Now you might ask yourself why you should look for something. I don't have a plan but it looks like fun and I couldn't find anything online about it.


My Thoughts
$f\left( n \right) \in \mathbb{R}$ and $2 < n \in \mathbb{N}$
Since I don't see an obvious solution, I would first try to find such a function for $f\left( n \right) \in \mathbb{R}$ and $n \in \mathbb{N}$.
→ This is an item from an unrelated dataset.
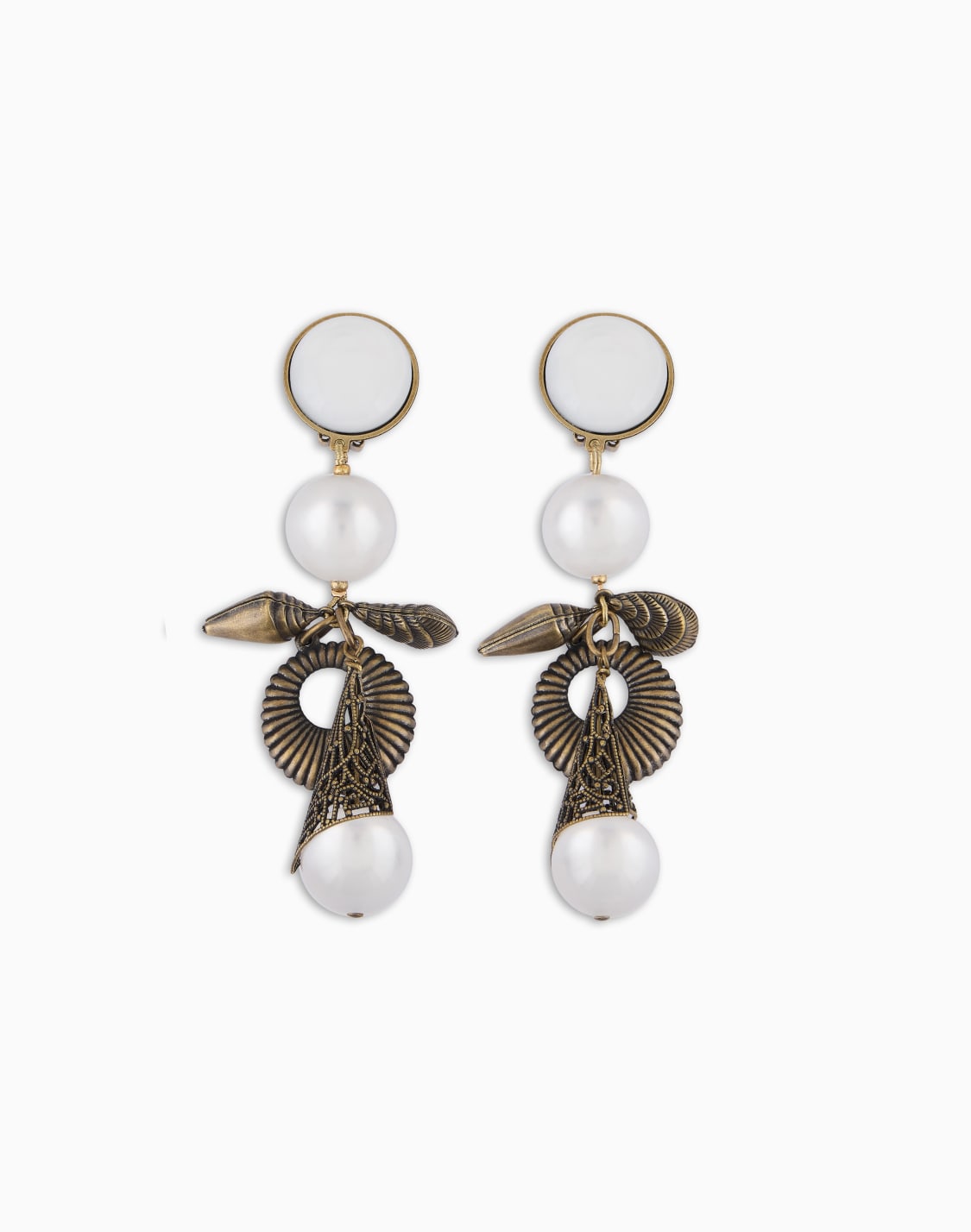 boucles-doreilles-pendantes-en-rsine-et-laiton-blanc--giorgio-armani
Since the starting point is $\left( 0, 0 \right)$ aka $f\left( 0 \right) = 0$, we can already take $\left( 0, 0 \right)$ as a point of the function. The next point would be at $n = 1$, which due to the function having no length (which has length $0$) also gets the function value $0$ aka $f\left( 1 \right) = 0$, so we get $\left( 1, 0 \right)$. The next point would be at $n = 2$, which by virtue of the function having length as the distance between the two previous two points also has the function value as that length. With this we'll get $\left( 3, 1 \right)$ aka $f\left( 3 \right) = 1$. For the next points we do the same, only that instead of just calculating the newly added length, we also add it to the existing one, which gives us a recursiv formula:
$$
\begin{align*}
f\left( n \right) &= f\left( n - 1 \right) + \sqrt{\left( \left( n - 1 \right) - \left( n - 2 \right) \right)^{2} + \left( f\left( n - 1 \right) - f\left( n - 2 \right) \right)^{2}}\\
f\left( n \right) &= f\left( n - 1 \right) + \sqrt{\left( n - n - 1 + 2 \right)^{2} + \left( f\left( n - 1 \right) - f\left( n - 2 \right) \right)^{2}}\\
f\left( n \right) &= f\left( n - 1 \right) + \sqrt{\left( 1 \right)^{2} + \left( f\left( n - 1 \right) - f\left( n - 2 \right) \right)^{2}}\\
f\left( n \right) &= f\left( n - 1 \right) + \sqrt{1 + \left( f\left( n - 1 \right) - f\left( n - 2 \right) \right)^{2}}\\
\\
f\left( n \right) &= f\left( n - 1 \right) + \sqrt{1 + \left( f\left( n - 1 \right) - f\left( n - 2 \right) \right)^{2}} \tag{1.}\\
\end{align*}
$$
with the graph (from $0$ to $4$):


$f\left( x \right) \in \mathbb{R}$, $\Delta x \in \mathbb{Q}$ and $x - \Delta x > 2$ where $\Delta x$ is the distance between $x$-values ​​of the two closest points
Since the principle worked well for $f\left( n \right) \in \mathbb{R}$ and $n \in \mathbb{N}$ I would simply want to apply it to $\lim_{{\Delta x} \to {0}^{+}} \Delta x, \Delta x \in \mathbb{Q}$ for decreasing distances between $x$-values ​​of the two closest points.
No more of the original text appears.